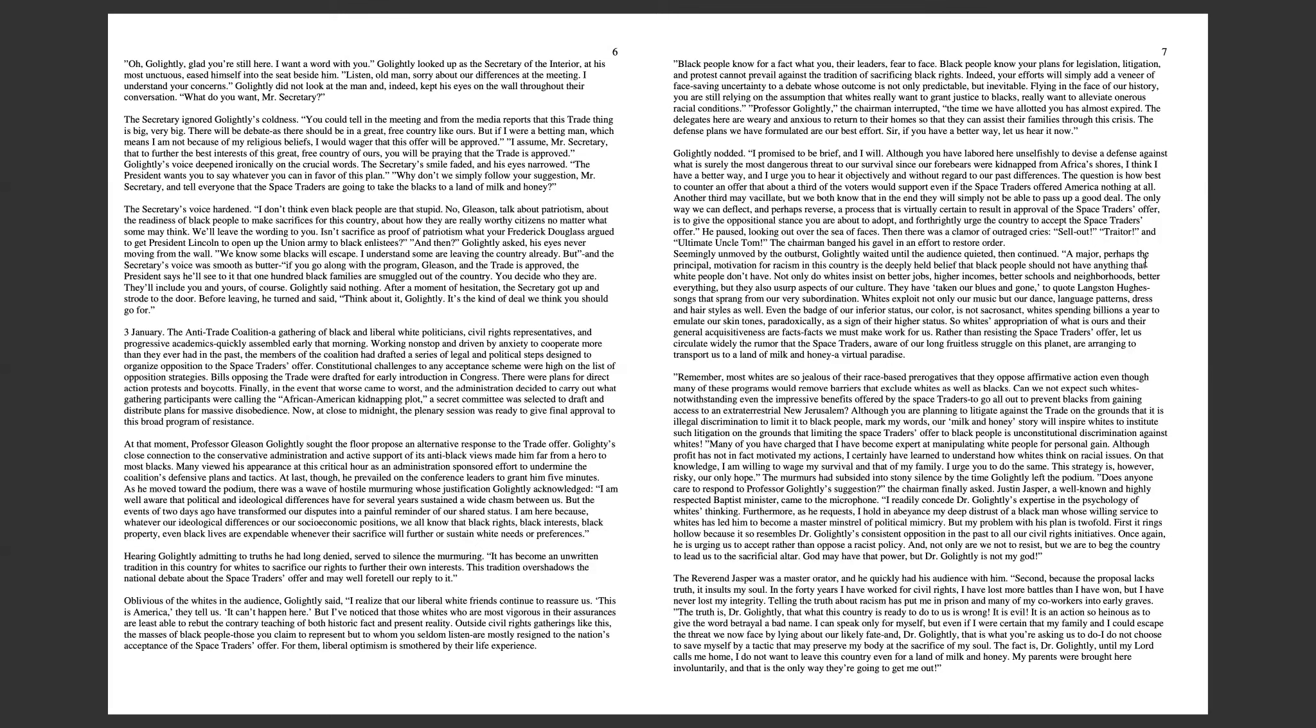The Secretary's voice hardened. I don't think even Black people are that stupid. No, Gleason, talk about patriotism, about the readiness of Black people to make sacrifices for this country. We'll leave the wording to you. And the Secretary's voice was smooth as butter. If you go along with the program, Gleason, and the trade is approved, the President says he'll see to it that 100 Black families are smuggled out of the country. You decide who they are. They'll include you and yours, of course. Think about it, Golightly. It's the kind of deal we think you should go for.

==

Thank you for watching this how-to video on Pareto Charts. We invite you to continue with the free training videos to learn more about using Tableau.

---

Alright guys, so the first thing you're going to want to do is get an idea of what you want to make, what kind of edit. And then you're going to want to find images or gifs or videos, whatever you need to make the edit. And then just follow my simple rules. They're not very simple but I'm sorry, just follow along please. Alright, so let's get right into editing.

[TASK DESCRIPTION] Pull every line containing "videos" out of the material and copy it.

[ANSWER FOR THE TASK]
Thank you for watching this how-to video on Pareto Charts. We invite you to continue with the free training videos to learn more about using Tableau.
Alright guys, so the first thing you're going to want to do is get an idea of what you want to make, what kind of edit. And then you're going to want to find images or gifs or videos, whatever you need to make the edit. And then just follow my simple rules. They're not very simple but I'm sorry, just follow along please. Alright, so let's get right into editing.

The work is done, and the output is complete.